Traduit du texte original espagnol Los acuerdos imperialistas acentúan los costos de la crisis en los países dependientes de Marco Vinicio Dávila Juarez


[1] La Crisis del capitalismo y las tareas de los comunistas en México. Édition polycopiée du Comité central du Parti des Communistes; mars 2009.

[2] Lénine, L’impérialisme, stade suprême du capitalisme (Éditions sociales et Éditions du progrès, 1971) p. 124.

[3] Il ne faut pas non plus oublier le rôle important de la rébellion indigène et paysanne mexicaine contre l’ALÉNA, précisément le jour où il entrait en vigueur, le 1er janvier 1994. L’insurrection, organisée par l’EZLN dans le Chiapas au sud-est du Mexique, a rudement fait savoir que l’accord impérialiste était une condamnation à mort pour tous les peuples indiens.

[4] Nous savons bien que le capitalisme ne se trouve plus au stade du libre échange, qui est historiquement dépassé.

[5] Une nouvelle base militaire a récemment été ouverte en Colombie, à Palenquero, évidemment dans le but de continuer la sanglante guerre contre ce pays frère et ses forces révolutionnaires, mais qui touche toute la région andine, les Caraïbes et l’Amérique centrale. Il est certain que cela confirme, entre autres, que le président américain continue sur la lancée de ses prédécesseurs. Obama a également ratifié tous les accords promis par Bush pour l’Initiative Mérida, discréditant d’un coup la gauche opportuniste du Mexique qui parle d’une nouvelle ère et qui a salué avec enthousiasme l’élection du démocrate américain.

[6] Il s’agit entre autres de l’académicien John Saxe-Fernández qui, dans une étude du même nom, informe que l’ALÉNA signifie pour le Mexique l’annexion, qui compléterait l’expansion des États-Unis commencée avec la violente guerre de 1847 contre le Mexique, l’annexion déguisée précédente du Texas et l’acquisition d’autres territoires tels que la Louisiane. Dans son livre La compra-venta de Mexico, il dit : « Pour les États-Unis, l’achat de la Louisiane et le Traité de Guadalupe de 1848 furent cruciaux pour leur ascension vers le statut de puissance continentale, hémisphérique et internationale pour la dimension géographique et les ressources minérales et plus tard en hydrocarbures que la nature avait généreusement mises à leur disposition. »

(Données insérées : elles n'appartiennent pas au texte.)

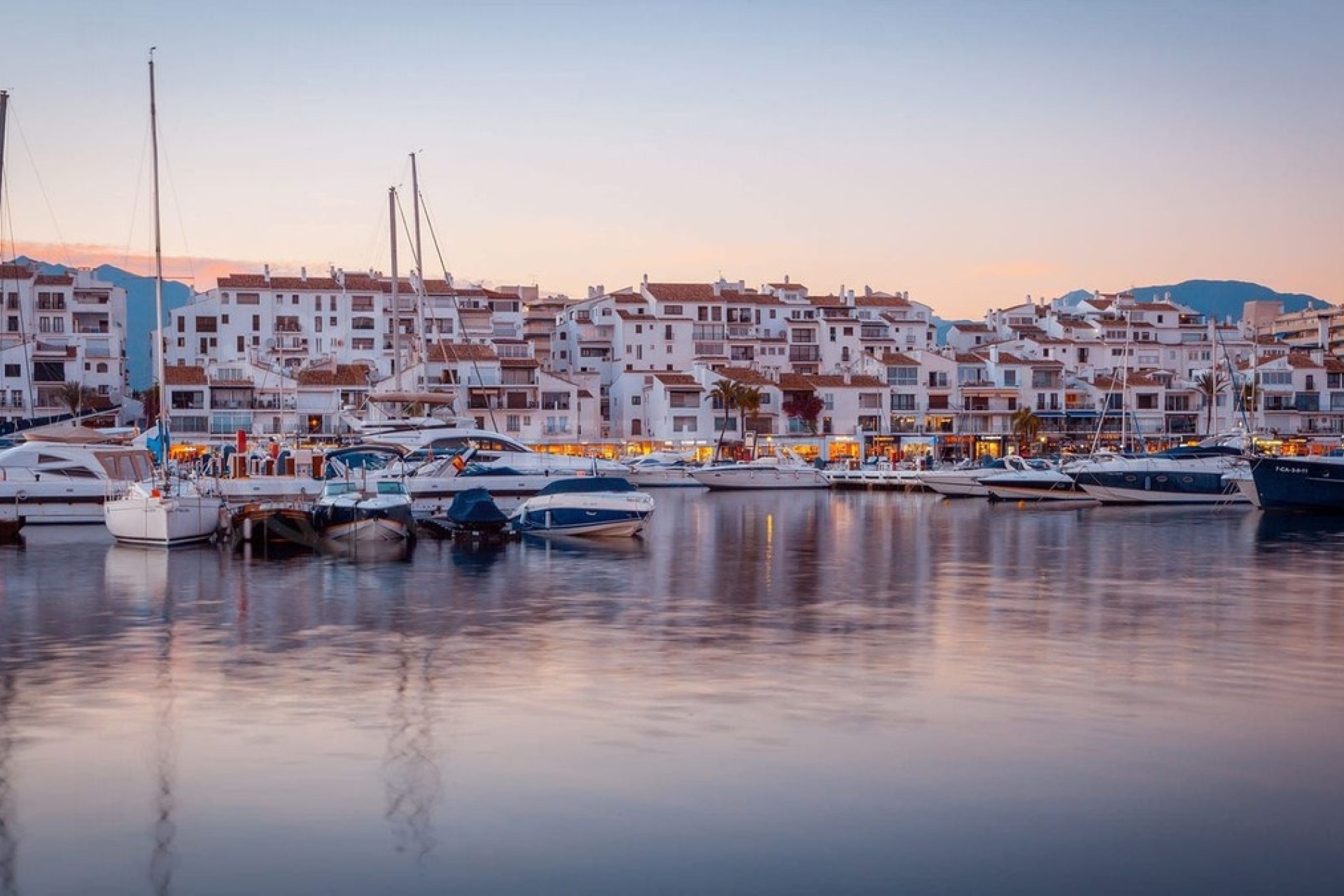 Rynek wtórny - apartment - Marbella - Puerto Banús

[7] Il est curieux que le gouvernement et la bourgeoisie aient mené une campagne de propagande qui affirmait que la crise nord-américaine ne nous toucherait pas, et que tout résultat négatif dans l’économie résulterait de groupes provocateurs spécialisés dans le sabotage. Plus tard ils ont déclaré que ce n’était qu’un « petit rhume » et maintenant ils reconnaissent qu’il y a un grand « trou », un « tsunami », un « tremblement de terre »...

[8] Alors que le salaire minimum général a augmenté d’à peine 12,6 %, les prix des biens de consommation, eux, ont augmenté  jusqu’à 339,4 % ; par exemple, le prix du poulet à augmenté de 243,4 %, l’huile de 107,7 %, le riz de 139 %, le sel de 77,2 %, le pain blanc de 53 %, la tortilla de 42,8 %, la farine de blé de 54,4 %, les haricots de 35,5 % et les œufs de 49,8 %.

[9] La Crisis del capitalismo y las tareas de los comunistas en México. Édition polycopiée du Comité central du Parti des Communistes, mars 2009.

[10] 10° Encontro Internacional de Partidos Comunistas e Operários; Publié par le PCdoB; p 48.